> _Problem_:
Below are some records. Write out exactly their lines from the one with "Brown Leather Clasp Bag with Strap" through the one with "Witte sportjack met", and leave the pictures behind.

> _Records shown_:
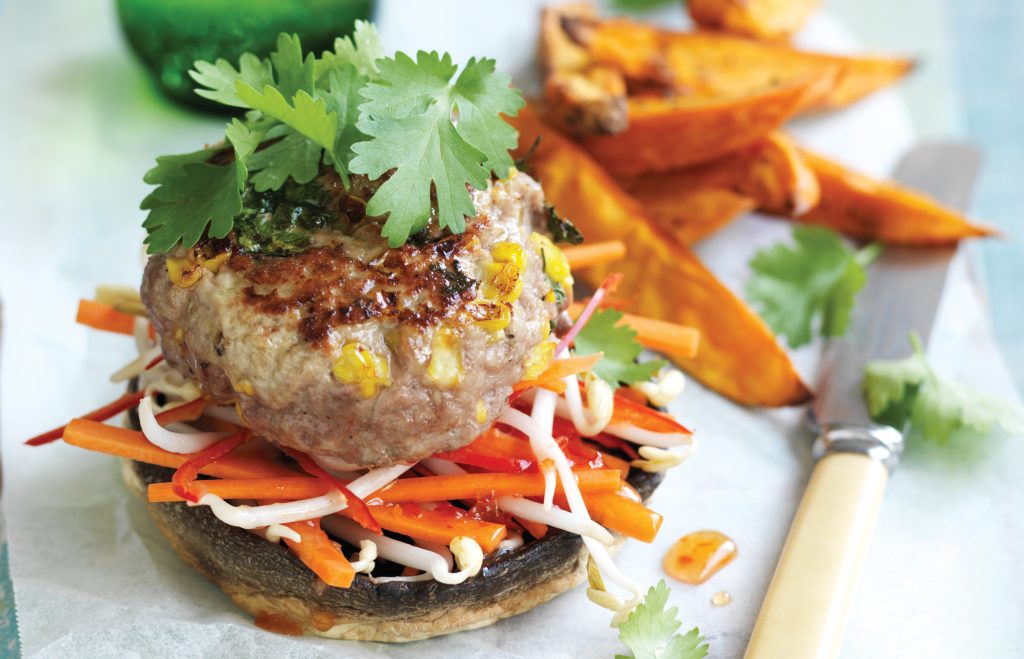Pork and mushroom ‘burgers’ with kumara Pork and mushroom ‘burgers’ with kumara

...

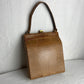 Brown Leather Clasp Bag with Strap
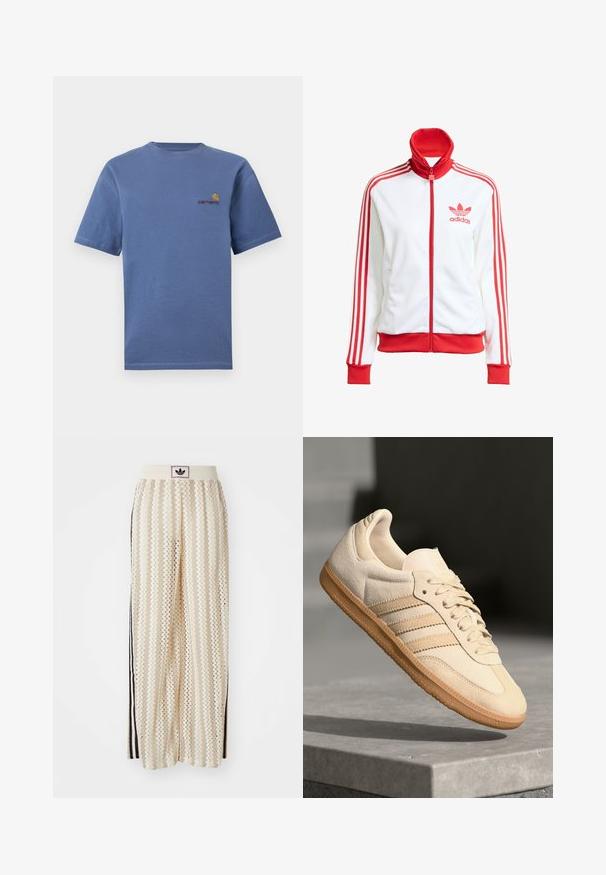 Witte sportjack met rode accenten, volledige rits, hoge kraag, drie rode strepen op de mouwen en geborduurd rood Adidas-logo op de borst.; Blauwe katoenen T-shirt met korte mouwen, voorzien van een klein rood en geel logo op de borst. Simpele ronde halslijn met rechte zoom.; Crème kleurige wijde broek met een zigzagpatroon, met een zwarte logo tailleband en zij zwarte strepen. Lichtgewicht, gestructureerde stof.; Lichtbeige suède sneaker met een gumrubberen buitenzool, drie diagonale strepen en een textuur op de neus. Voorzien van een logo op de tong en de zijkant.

> _Exercise response_:
 Brown Leather Clasp Bag with Strap
 Witte sportjack met rode accenten, volledige rits, hoge kraag, drie rode strepen op de mouwen en geborduurd rood Adidas-logo op de borst.; Blauwe katoenen T-shirt met korte mouwen, voorzien van een klein rood en geel logo op de borst. Simpele ronde halslijn met rechte zoom.; Crème kleurige wijde broek met een zigzagpatroon, met een zwarte logo tailleband en zij zwarte strepen. Lichtgewicht, gestructureerde stof.; Lichtbeige suède sneaker met een gumrubberen buitenzool, drie diagonale strepen en een textuur op de neus. Voorzien van een logo op de tong en de zijkant.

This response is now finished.